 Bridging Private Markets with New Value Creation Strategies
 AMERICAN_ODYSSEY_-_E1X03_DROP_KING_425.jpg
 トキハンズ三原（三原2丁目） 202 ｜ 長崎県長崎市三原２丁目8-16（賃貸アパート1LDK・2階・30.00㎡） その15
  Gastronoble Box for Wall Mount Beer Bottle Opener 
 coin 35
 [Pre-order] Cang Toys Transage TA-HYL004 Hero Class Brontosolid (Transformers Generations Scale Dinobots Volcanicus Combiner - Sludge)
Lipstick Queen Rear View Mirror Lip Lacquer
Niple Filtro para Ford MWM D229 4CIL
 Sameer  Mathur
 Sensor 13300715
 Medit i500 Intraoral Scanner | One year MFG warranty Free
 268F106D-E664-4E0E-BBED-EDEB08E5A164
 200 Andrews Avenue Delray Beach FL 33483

= = = = =

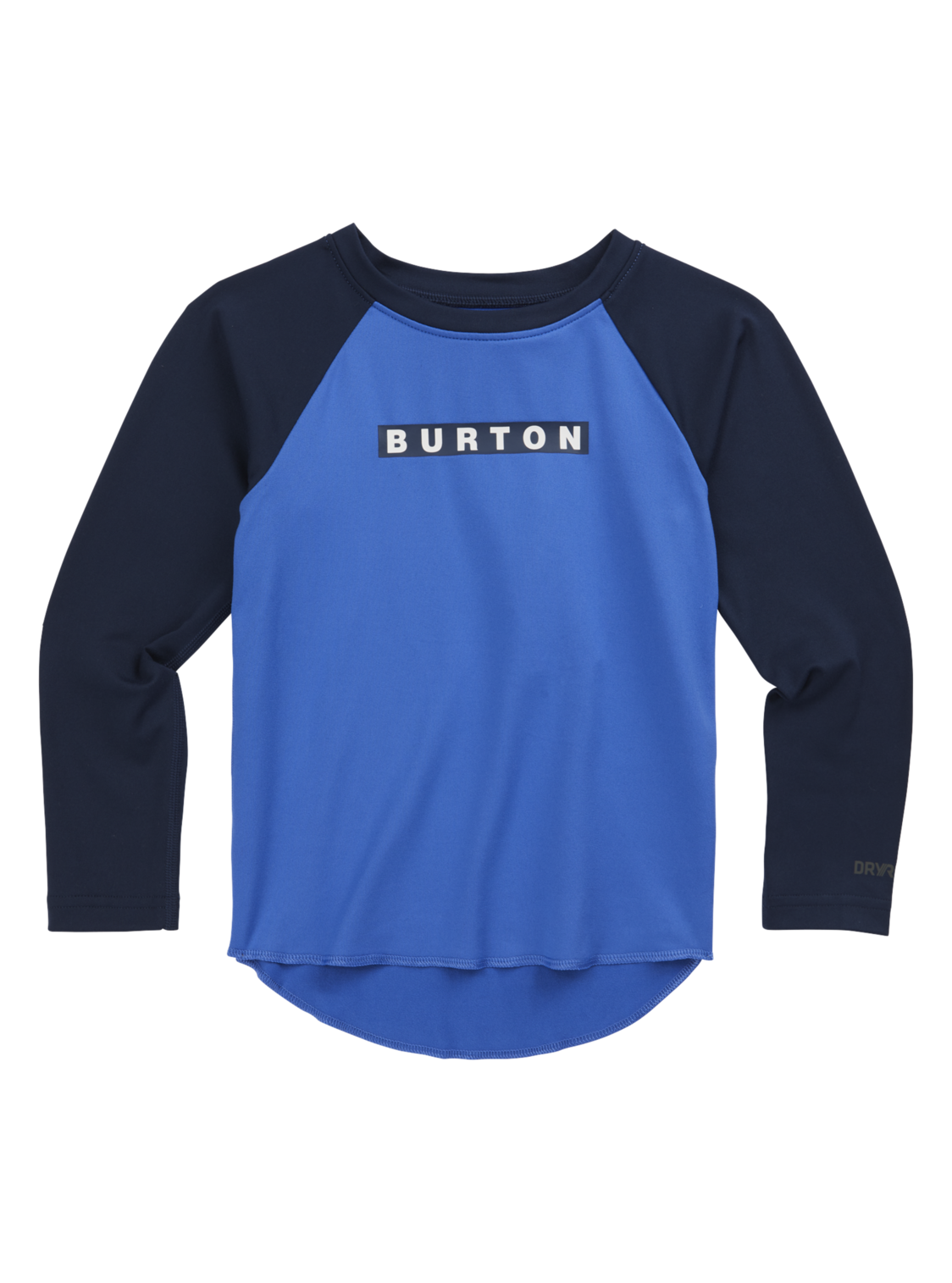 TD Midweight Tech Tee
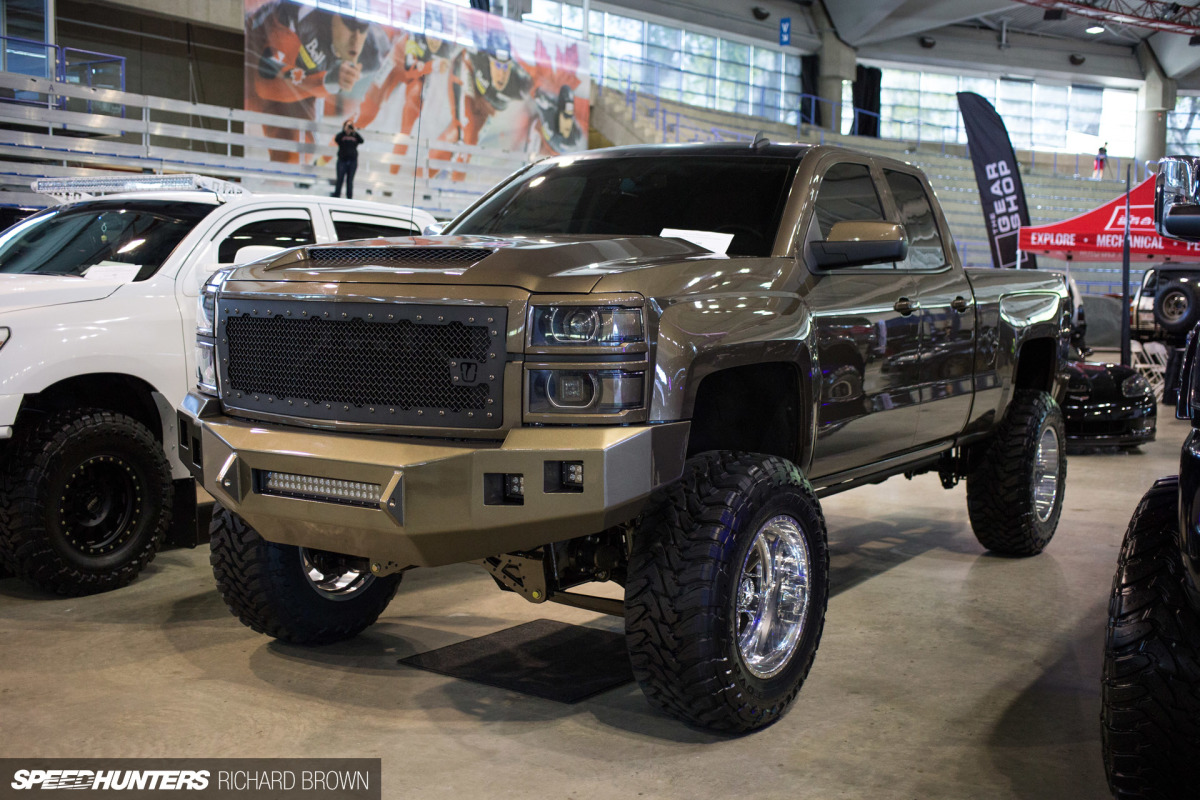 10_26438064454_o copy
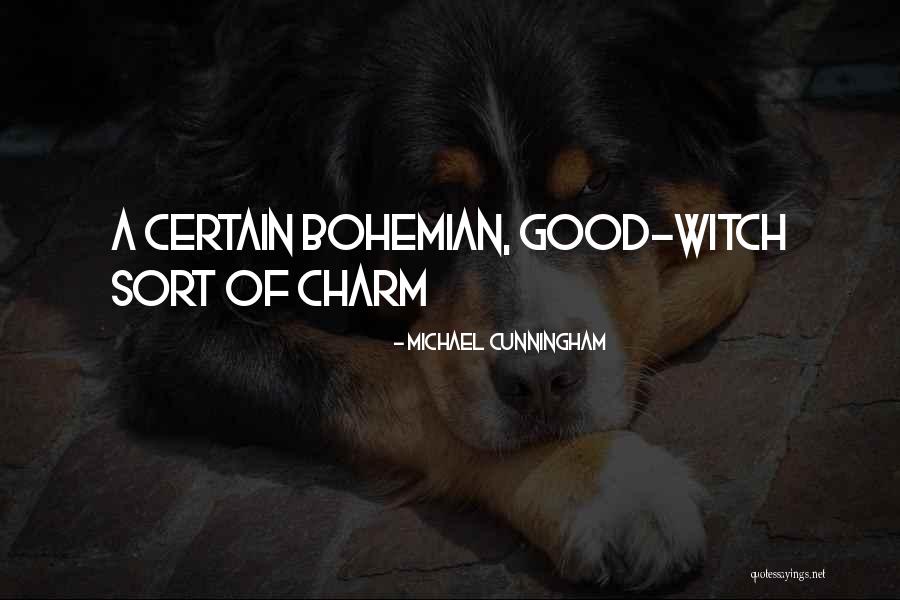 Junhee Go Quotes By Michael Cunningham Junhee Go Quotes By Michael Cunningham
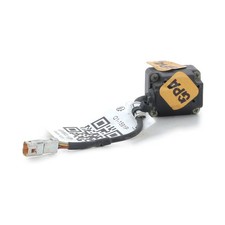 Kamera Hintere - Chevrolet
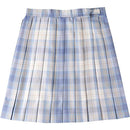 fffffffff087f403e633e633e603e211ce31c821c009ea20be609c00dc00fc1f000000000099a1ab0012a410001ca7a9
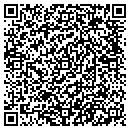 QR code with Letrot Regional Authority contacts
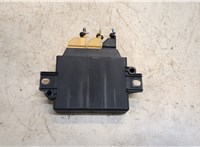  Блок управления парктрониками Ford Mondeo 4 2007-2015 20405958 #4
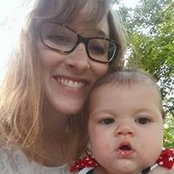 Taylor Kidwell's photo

= = = = =

Your objective ->
Would you please write out, exactly and with no other lines, the stretch of the listing above from the line containing "Bridging Private Markets" through the line containing "200 Andrews Avenue Delray Beach FL 33483"?

Result ->
 Bridging Private Markets with New Value Creation Strategies
 AMERICAN_ODYSSEY_-_E1X03_DROP_KING_425.jpg
 トキハンズ三原（三原2丁目） 202 ｜ 長崎県長崎市三原２丁目8-16（賃貸アパート1LDK・2階・30.00㎡） その15
  Gastronoble Box for Wall Mount Beer Bottle Opener 
 coin 35
 [Pre-order] Cang Toys Transage TA-HYL004 Hero Class Brontosolid (Transformers Generations Scale Dinobots Volcanicus Combiner - Sludge)
Lipstick Queen Rear View Mirror Lip Lacquer
Niple Filtro para Ford MWM D229 4CIL
 Sameer  Mathur
 Sensor 13300715
 Medit i500 Intraoral Scanner | One year MFG warranty Free
 268F106D-E664-4E0E-BBED-EDEB08E5A164
 200 Andrews Avenue Delray Beach FL 33483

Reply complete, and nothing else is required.